- Assigned task
Make an exact copy of the records, with the images left out.

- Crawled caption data
- Opening Delimiter -

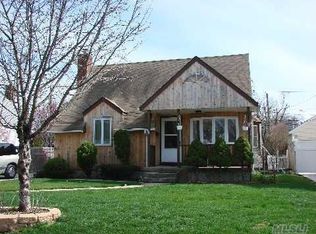 2486 Natta Blvd, Bellmore, NY 11710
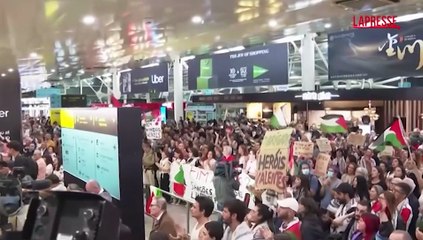 Flotilla, il ritorno a casa degli attivisti portoghesi: l'arrivo a Lisbona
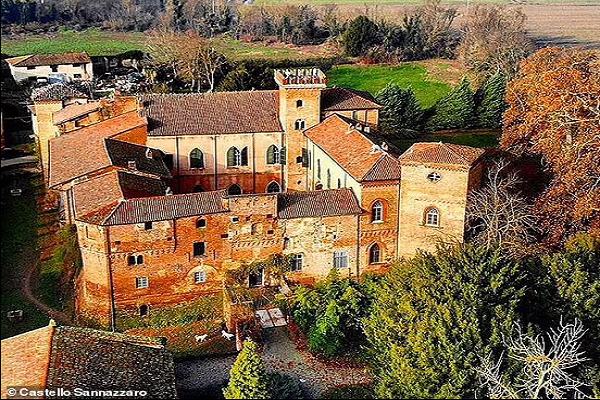 Lâu đài Castello Sannazzaro này có từ thế kỷ thứ 12, đã được truyền lại qua 28 thế hệ. Cha của Ludovica, Bá tước Giuseppe Sannazzaro, được thừa kế tòa lâu đài từ một người cô vào năm 1986. Ông đã cải tạo và cùng gia đình chuyển về sống ở đây từ năm 2006.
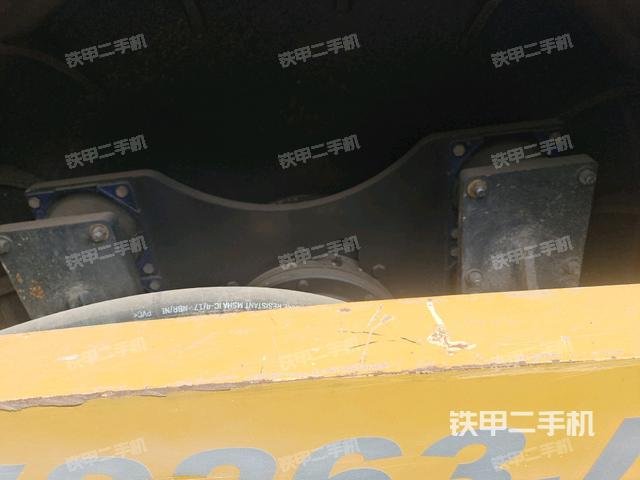 前車(chē)架正左側(cè)（壓路機(jī)前后車(chē)架）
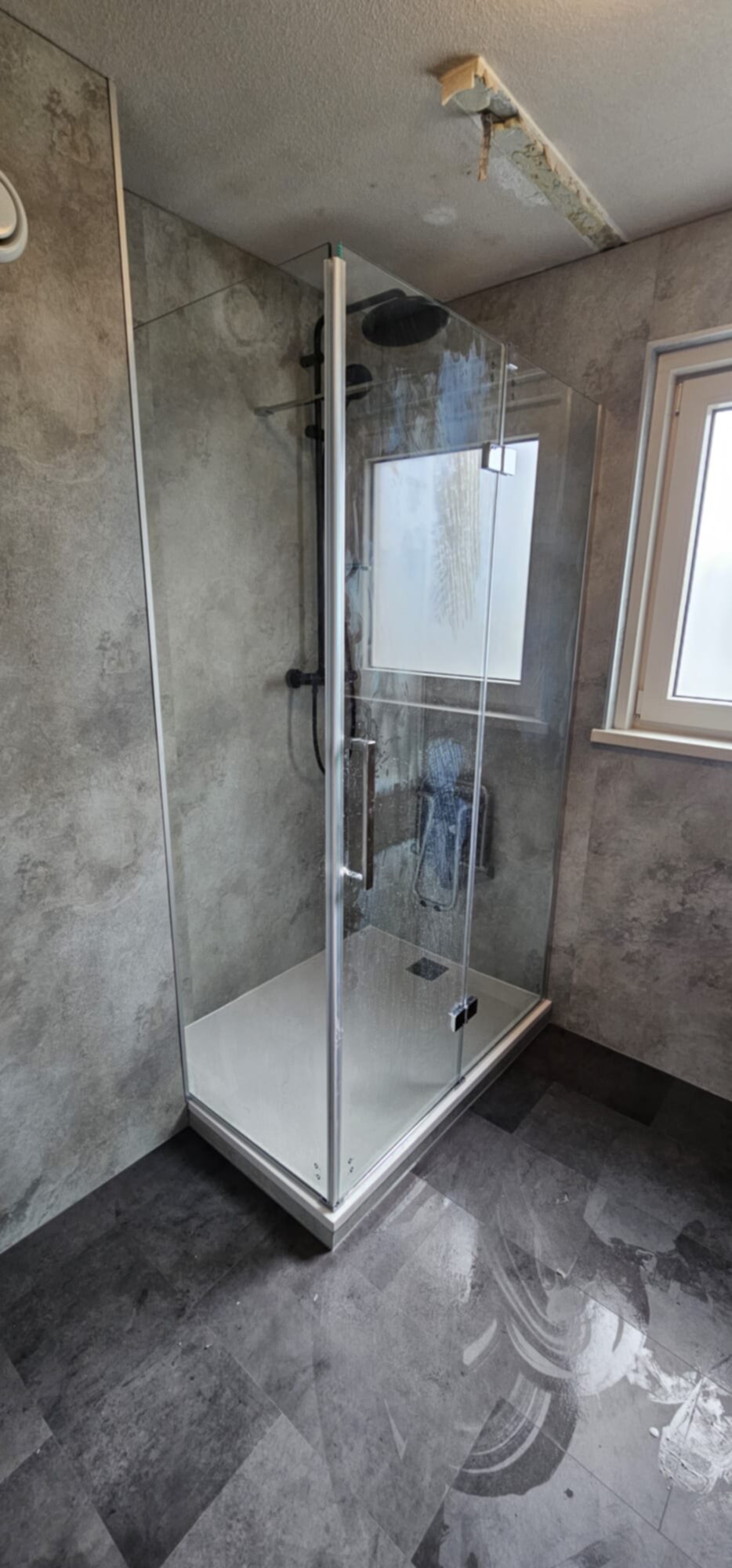Douchecabine met glazen wand en deur in moderne badkamer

- Closing Delimiter -

- Answer section
 2486 Natta Blvd, Bellmore, NY 11710
 Flotilla, il ritorno a casa degli attivisti portoghesi: l'arrivo a Lisbona
 Lâu đài Castello Sannazzaro này có từ thế kỷ thứ 12, đã được truyền lại qua 28 thế hệ. Cha của Ludovica, Bá tước Giuseppe Sannazzaro, được thừa kế tòa lâu đài từ một người cô vào năm 1986. Ông đã cải tạo và cùng gia đình chuyển về sống ở đây từ năm 2006.
 前車(chē)架正左側(cè)（壓路機(jī)前后車(chē)架）
Douchecabine met glazen wand en deur in moderne badkamer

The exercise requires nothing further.